Tuam survivors want DNA samples taken immediately

Galway Daily news Legally permissible for Tuam Home survivors DNA sampling

Survivors of the Tuam Mother and Baby Home want the government to immediately begin collecting DNA samples from their members.

There is an urgency in getting the jump on this porcess, the Tuam Home Survivors’ Network said, given that many of its members are elderly or in poor health.

“Results from our ageing and in, some cases, frail membership should be banked to eliminate any delay in returning human remains to identifiable relatives for dignified burials.”

The Survivors’ Network, representing survivors of the Tuam Home and families of lost children, said DNA analysis should be done “in a way that will be of greatest benefit to the greatest number of survivors, victims and families.”

According to a statement from the Network “For this to be achieved, as much information as possible should be obtained from each sample of human remains.”

“The quantifying of the DNA extracted is the paramount task to be accomplished.”

Excavation of the former Bon Secours Mother and Baby Home, where 796 children are believed to be buried, is scheduled to begin in the latter half of 2019.

Part of that will involve extracting genetic samples from the children’s remains and trying to use that to identify them.

When the first interim report on possible options for the Tuam Home was produced, it said it would not be possible to extract DNA from the remains buried there.

However, advances in genetic science and technology in the past few years have changed that scenario.

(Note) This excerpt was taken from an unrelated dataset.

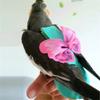 Parrots Vest Flying Suit Soft Vests Bird Flying Accessory Easy to Use for Pet Birds Accessories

The Survivors’ Network insists that the earlier samples are taken and quantified, the easier it will be to determine how to proceed with analysis.

Where there is a high yield of DNA from samples, the network says STR analysis can be used to compare them to samples provided by potential family members.

If there is no match, or the quality of the DNA samples is not as good, further analysis technique can be used to compare them to genealogy companies or identify information on genealogy or medical history.